**Data in this exercise**
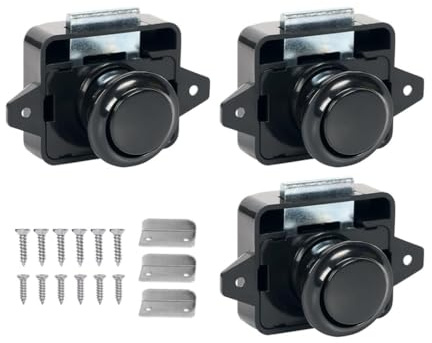 Anlising 3 Stück Push Button Catch Door Lock, Cabinet Push Button Lock, Push Lock Mini, Push Button Verriegelung, Catch Door Lock Verriegelung für Tür, Schublade, Schrank, Wohnmobil, Camper (Schwarz)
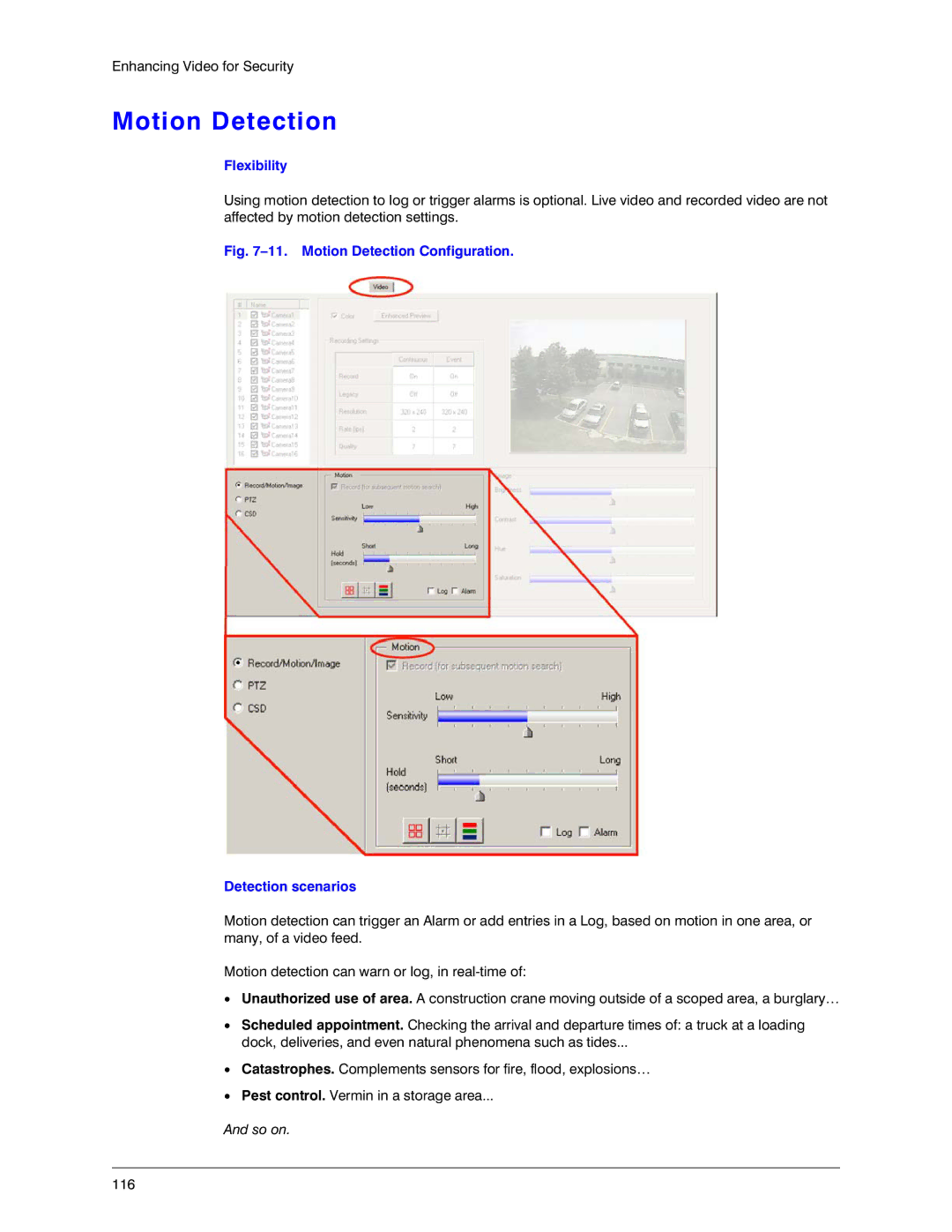 Honeywell K14392V1 manual Motion Detection Configuration Detection scenarios 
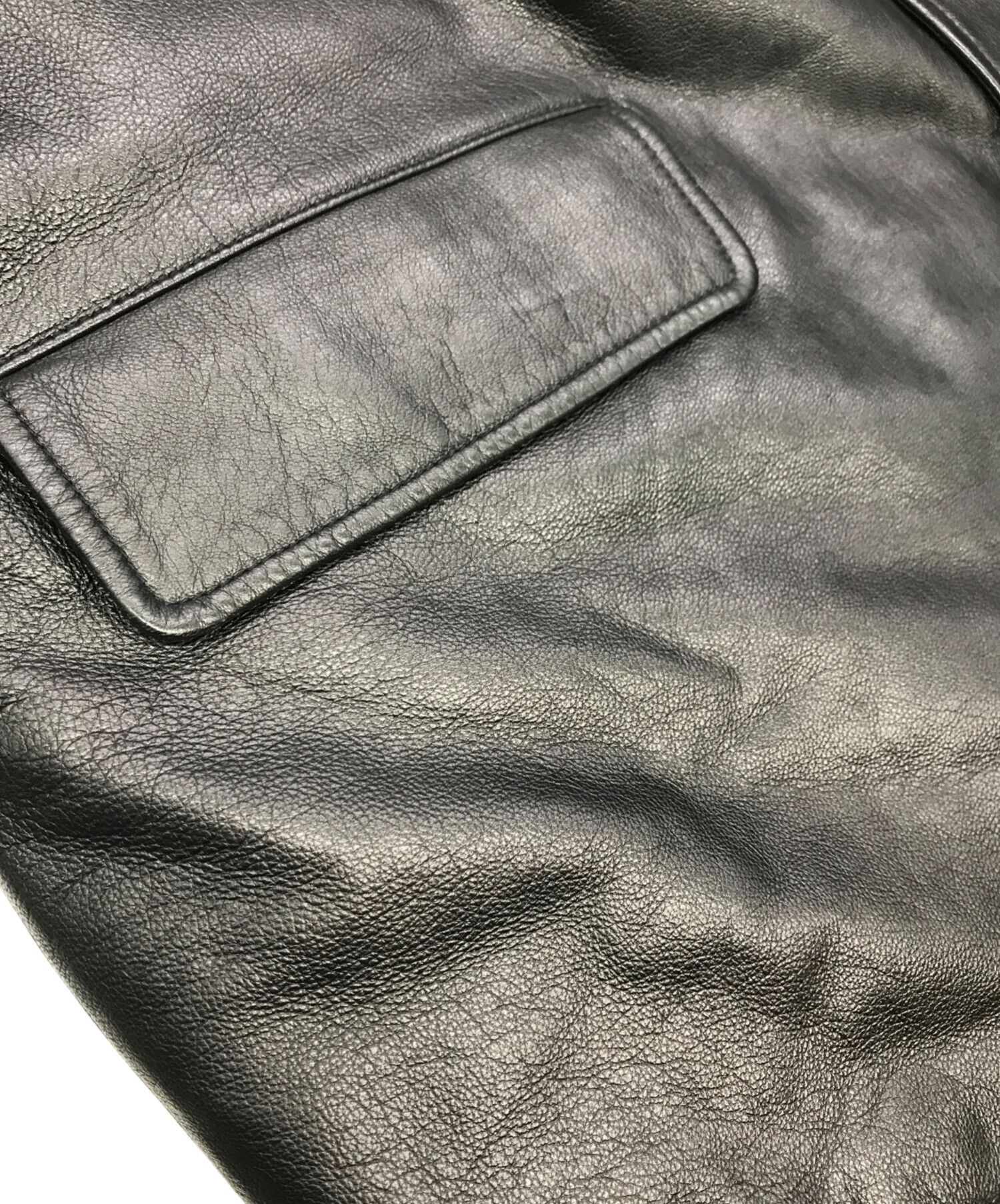 中古・古着通販】LAND'S END (ランズエンド) 90Sレザーコート ブラック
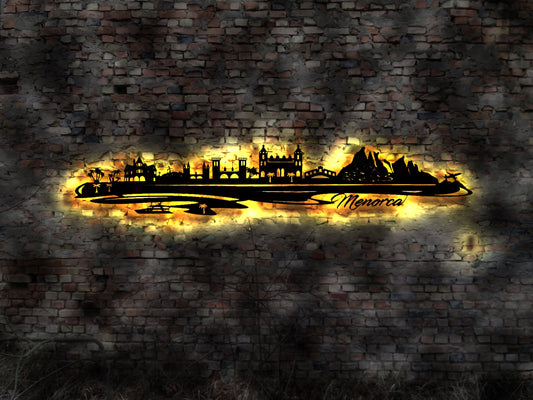 Skyline Insel Menorca LED Wandbild Holz Stadt AK Karte Map Wandsticker Leuchtbild Neonreklame Wandtattoo Reiseführer Silhouette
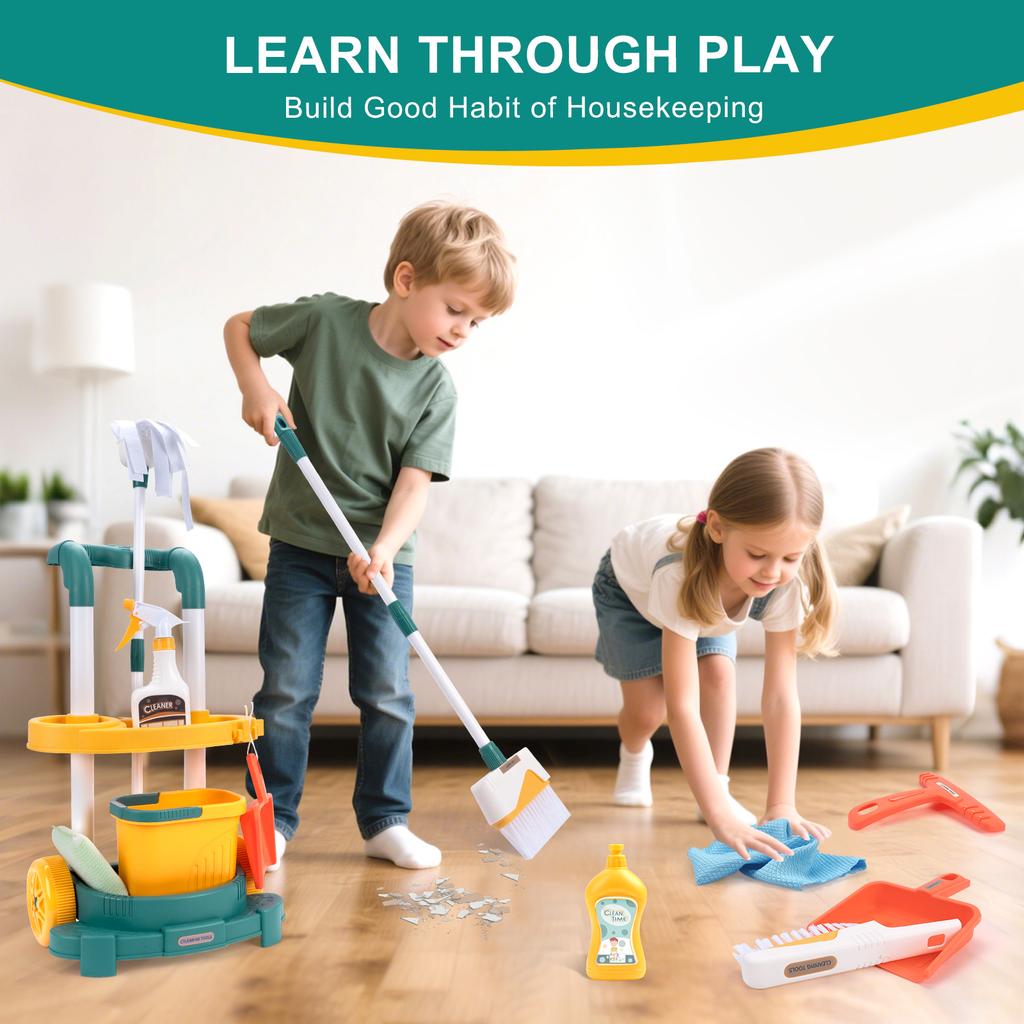 12 pièces/ensemble Ensemble de nettoyage pour enfants Jouets de nettoyage de la vie simulée avec chariot Jouet de jeu de rôle Jouet de maison de jeu d'hygiène et de nettoyage Garçons et Filles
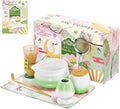 Matcha Whisk Set with Tea Caddy, Green 8 Pcs Matcha Kit Includes Bowl with Spout, Whisk & Holder, Ceramic Tea Caddy, Bamboo Scoop & Rest, Sifter, Tea Towel, Gift for Tea Lovers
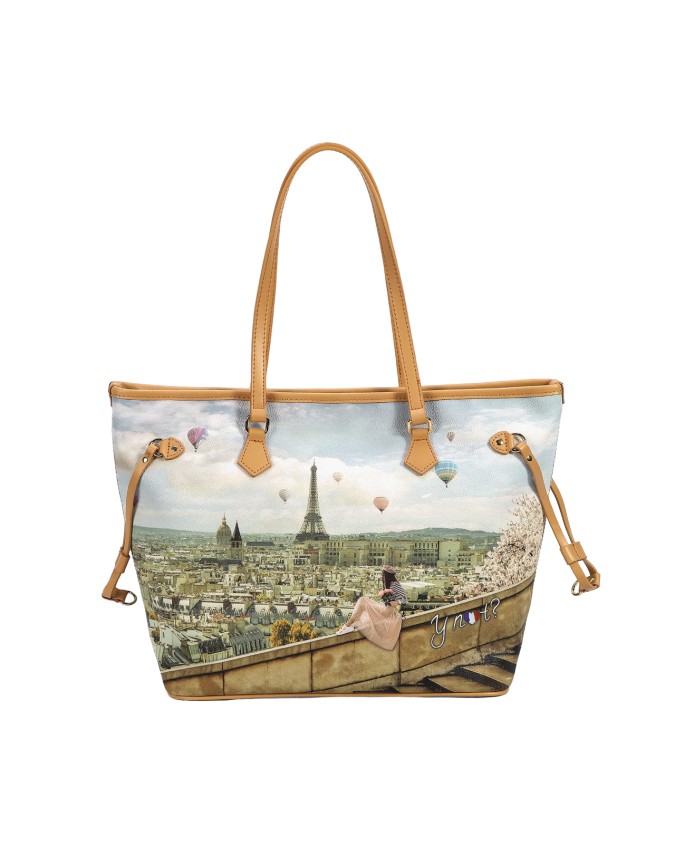 Ynot - Borsa shopping in pvc stampato con doppio manico Yesbag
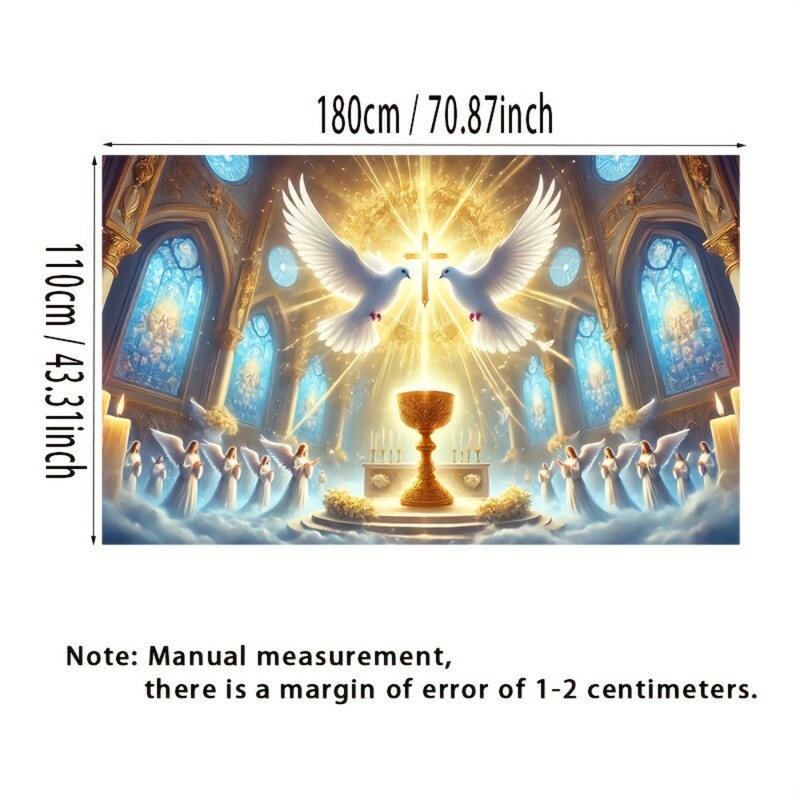 Poliészter vallásos dekoráció galamb és grál mintával, tökéletes templomi eseményekhez és fotózási háttérhez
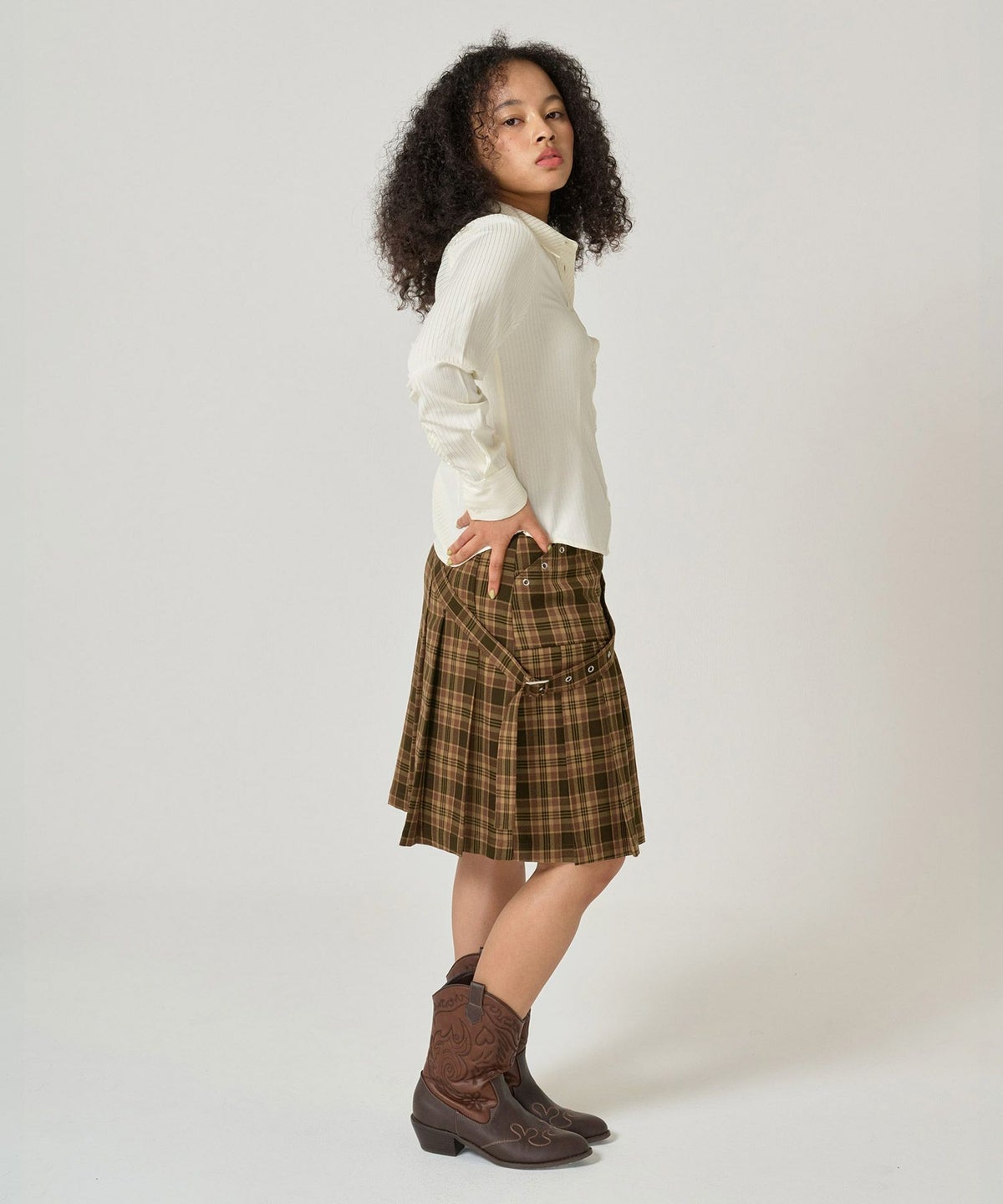 シャツ/ストライプ/光沢/コンパクト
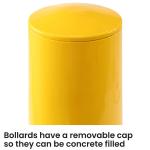 Yellow 1200mm Steel Safety Bollards Barriers Powder Coating Or Hot Dipped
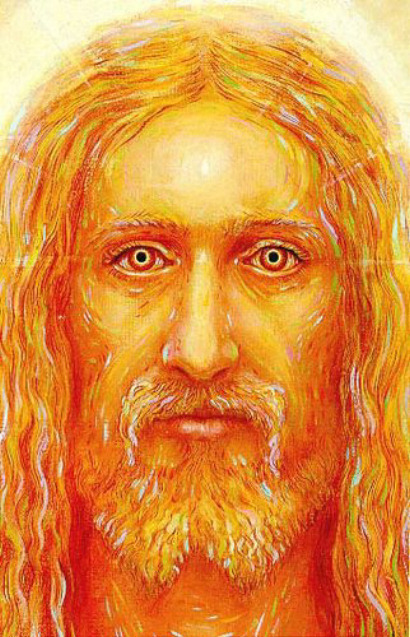 orange painting of Jesus Christ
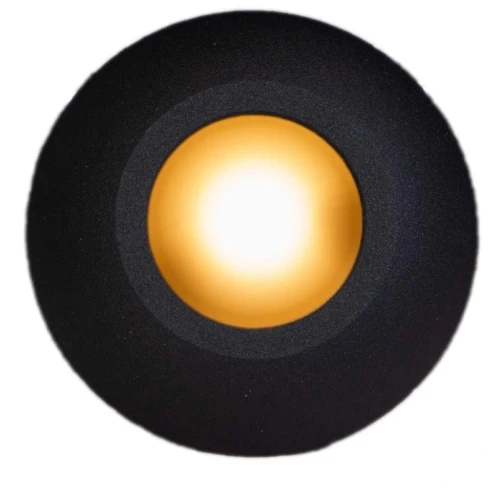 Plash Gravity LED Deck Light, Warm White Light, Black Housing, IP67, 1.2W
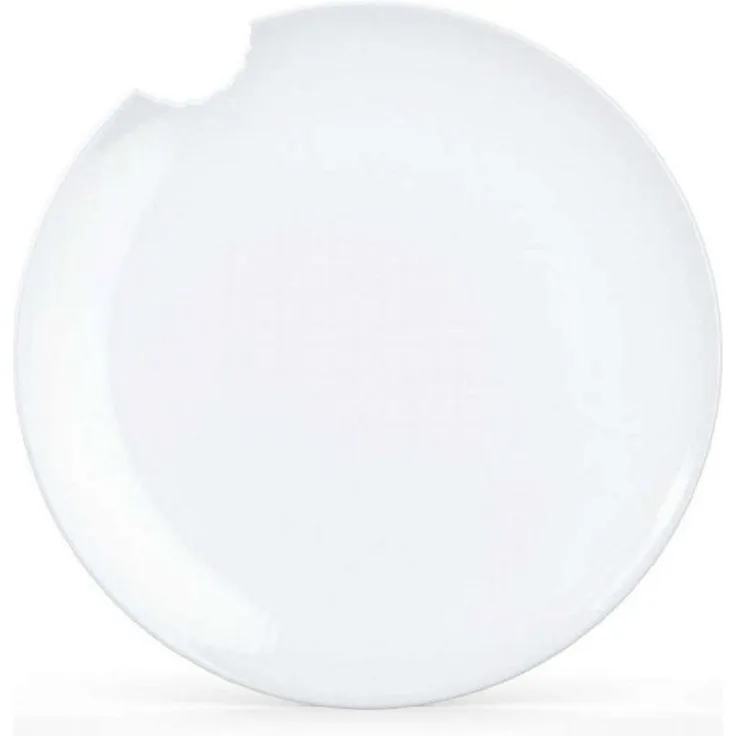 Speiseteller mit Biss Porzellan weiß 2er Set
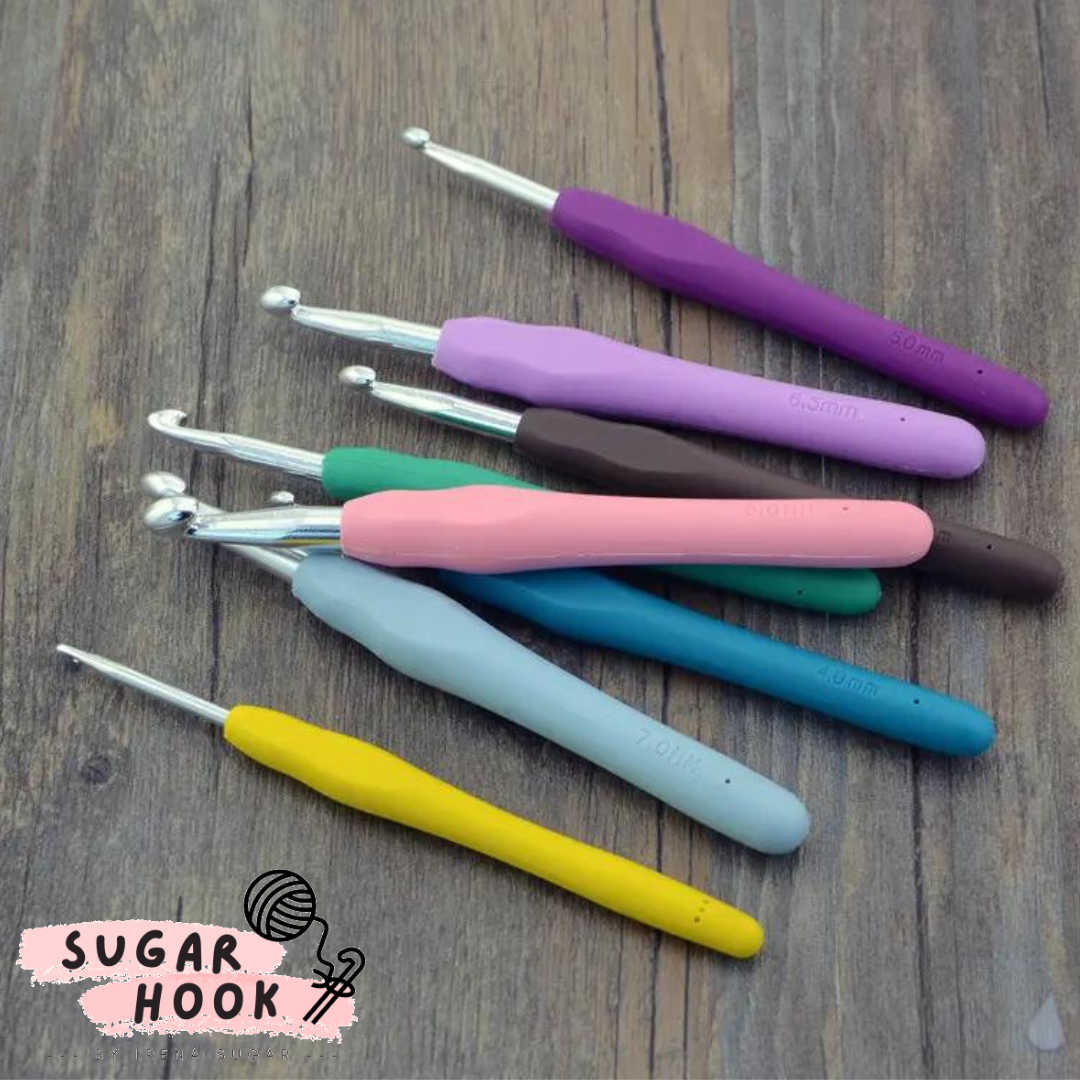 Hakpen Aluminium Gagang Karet / Jarum Rajut Silikon / Silicone Crochet Hook | Sugar Hook @sugarhook.id - Image 5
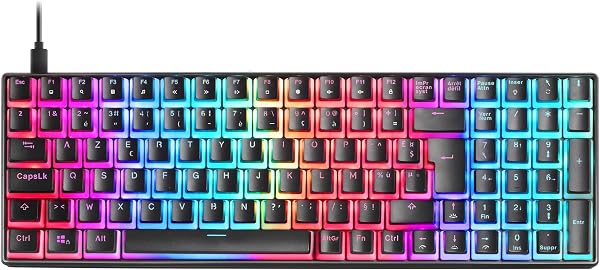 Mars Gaming MKULTRA, Langue Français, Clavier Mécanique Noir RGB, Compact 96%, Switch Outemu SQ Rouge - 1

**Instructions for the task**
Write the lines from the one containing "Poliészter vallásos dekoráció" through the end of the data above exactly as they appear, and do not carry over any picture.

**Exercise response**
 Poliészter vallásos dekoráció galamb és grál mintával, tökéletes templomi eseményekhez és fotózási háttérhez
 シャツ/ストライプ/光沢/コンパクト
 Yellow 1200mm Steel Safety Bollards Barriers Powder Coating Or Hot Dipped
 orange painting of Jesus Christ
 Plash Gravity LED Deck Light, Warm White Light, Black Housing, IP67, 1.2W
 Speiseteller mit Biss Porzellan weiß 2er Set
 Hakpen Aluminium Gagang Karet / Jarum Rajut Silikon / Silicone Crochet Hook | Sugar Hook @sugarhook.id - Image 5
 Mars Gaming MKULTRA, Langue Français, Clavier Mécanique Noir RGB, Compact 96%, Switch Outemu SQ Rouge - 1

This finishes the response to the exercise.